Demain, et demain, et demain, un bien étrange titre faisant référence à Shakespeare pour un roman abordant jeux-vidéos, amitié, malentendus, amour inconditionnel.

L’histoire est celle de Sam et Sadie, de vieux amis d’enfance qui ne se sont pas vus depuis des années suite à un quiproquo malheureux qui a mis un terme à leur relation. Alors qu’ils se croisent dans le métro par hasard, Sadie tend à Sam une disquette contenant un jeu-vidéo qu’elle vient de programmer et qu’elle veut lui faire tester. Après avoir joué au dit jeu, Sam décide de demander à Sadie de s’associer à elle et de créer un jeu-vidéo en commun. En effet, lui est un joueur invétéré depuis ses plus jeunes jours tandis que Sadie est dans le parcours dédié au développement de jeux au MIT. De là, tous deux s’associent à Marx, meilleur et unique ami de Sam et planchent sur ce qui se révélera être un carton absolu, Ichigo. Un succès inattendu suit la sortie du titre et le trio se retrouve propulsé sur le devant de la scène jeu-vidéoludique. Or, cette célébrité soudaine va amener à des tensions au sein du groupe, notamment lorsque Sam est érigé comme icône de la jeune entreprise, aux dépens de Sadie. En parallèle, cette dernière entretient une relation abusive avec un professeur qui est aussi un important programmeur de jeux-vidéos et qui sert de mentor aux trois jeunes gens. 

Nous suivons alors Sam, Sadie et Marx sur une période de plusieurs années, les voyant connaître succès, désillusion, amour, amitié, déception et deuil. 

L’intrigue se déroule durant les années quatre-vingt dix, période marquée par le racisme, l’homophobie, le sexisme. Aussi, avec ce roman, l’autrice interroge ces sujets à travers ses personnages, leur origine, leur condition, leur vie.

Il existe deux types de romans, ceux à intrigue, et ceux à personnages. Demain, et demain, et demain fait clairement partie de la seconde catégorie. Rares sont les romans insufflant un tel souffle de vie à ses personnages. Certes, ceux-ci ne sont pas toujours logiques, ou réfléchis, ou même agréables, mais c’est ce qui fait leur charme. Le changement régulier de focalisation interne qui passe d’un personnage à l’autre nous permet de mieux comprendre leur personnalité et façon de penser. Eux ne se comprennent pas les uns les autres, nous sommes les seuls à avoir toutes les ficelles reliant ces personnages, les seuls à saisir l’essence de leurs relations. 

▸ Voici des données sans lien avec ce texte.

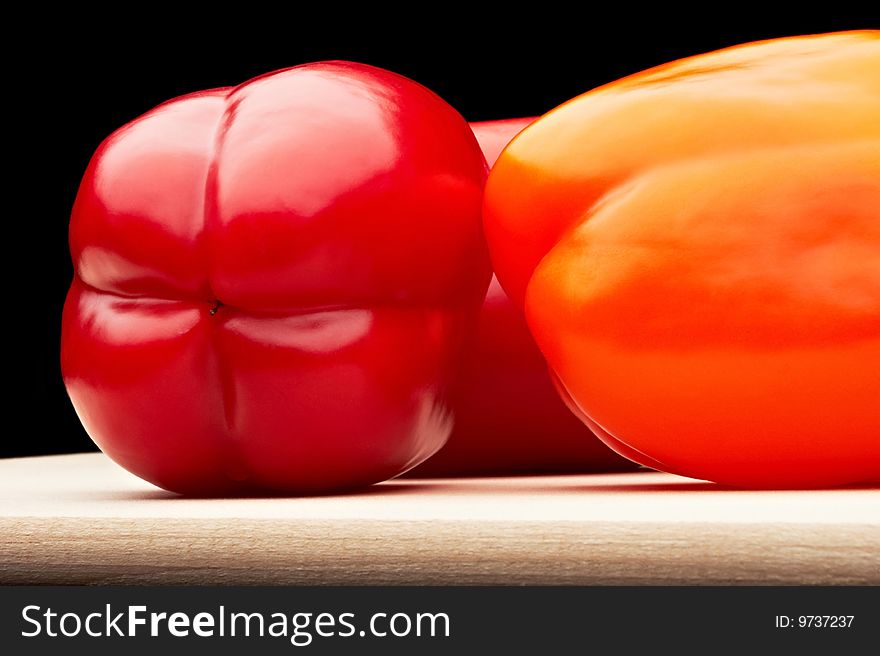 Vegetables - Peppers on cutting board. Vegetables - Peppers on cutting board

Outre cela, le roman est écrit avec une justesse et une littérarité qui nous touche, qui nous fait ressentir avec force ces émotions auxquelles les personnages eux-mêmes ont du mal à donner des noms. En parallèle, l’intrigue, bien que simple, est efficace, pleine de sous-couches d’intrigues, d’analepses et de prolepses. C’est un roman fourmillant de vie, teinté de références aux jeux-vidéos. N’ayez crainte si vous n’êtes pas familier à cet univers, cela n’est pas un frein à la lecture mais au contraire, une porte ouverte sur ce monde !

C’est donc une lecture que je n’aurai de cesse de conseiller, chacun pouvant y trouver un élément, une intrigue, un personnage ou un style pouvant lui plaire.

Pour avoir un retour concernant l’accueil critique des médias sur ce titre, vous pouvez retrouver cet autre article rédigé par mes soins. 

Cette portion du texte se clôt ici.